▸ Exercise description: Everything in the data should be repeated exactly, save for the images.

▸ Stored data:
▼▼▼

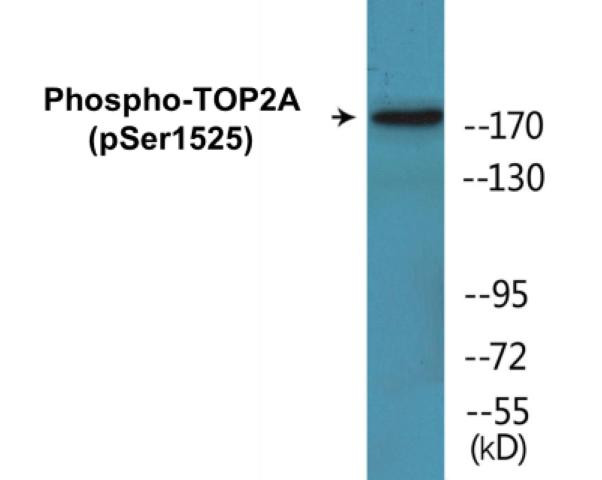 TOP2A (Phospho-Ser1525)Colorimetric Cell-Based ELISA Kit (CBCAB00503)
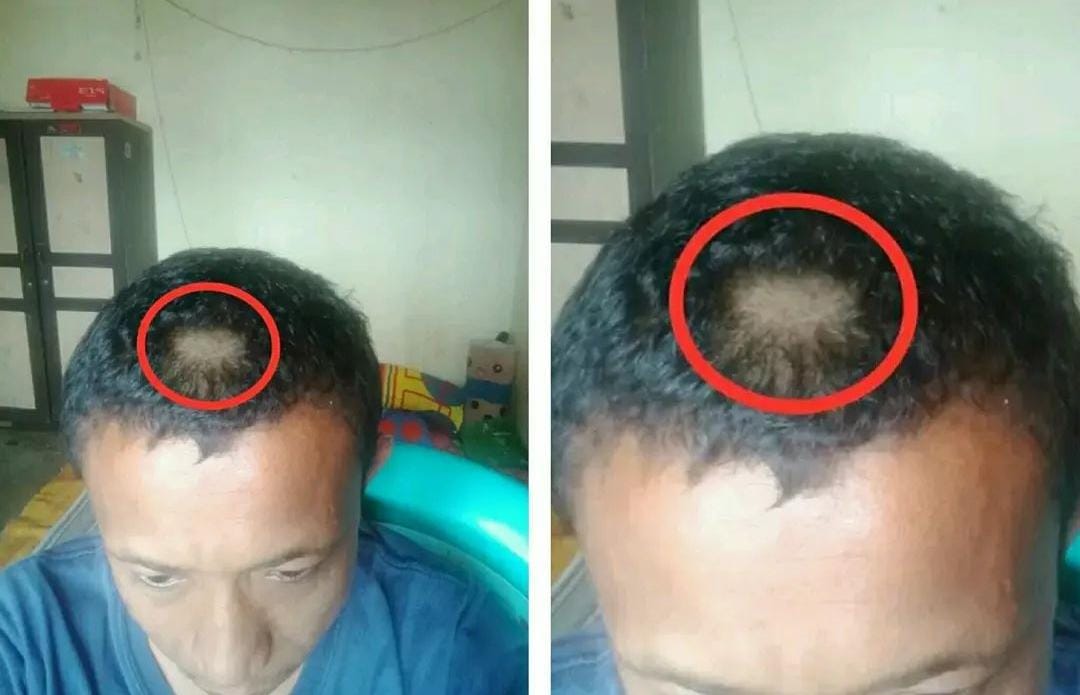 Rambut Digunting, Ortu Balas Dendam Gunting Balik Rambut Guru Anaknya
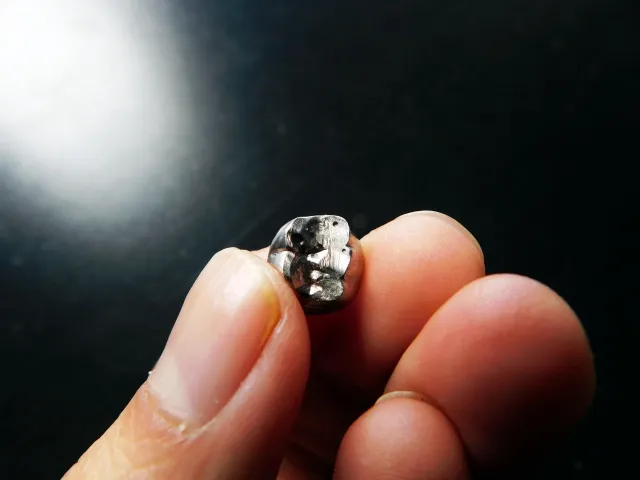 歯の詰めものが取れた際の注意点を解説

▲▲▲

▸ Solution for this task:
 TOP2A (Phospho-Ser1525)Colorimetric Cell-Based ELISA Kit (CBCAB00503)
 Rambut Digunting, Ortu Balas Dendam Gunting Balik Rambut Guru Anaknya
 歯の詰めものが取れた際の注意点を解説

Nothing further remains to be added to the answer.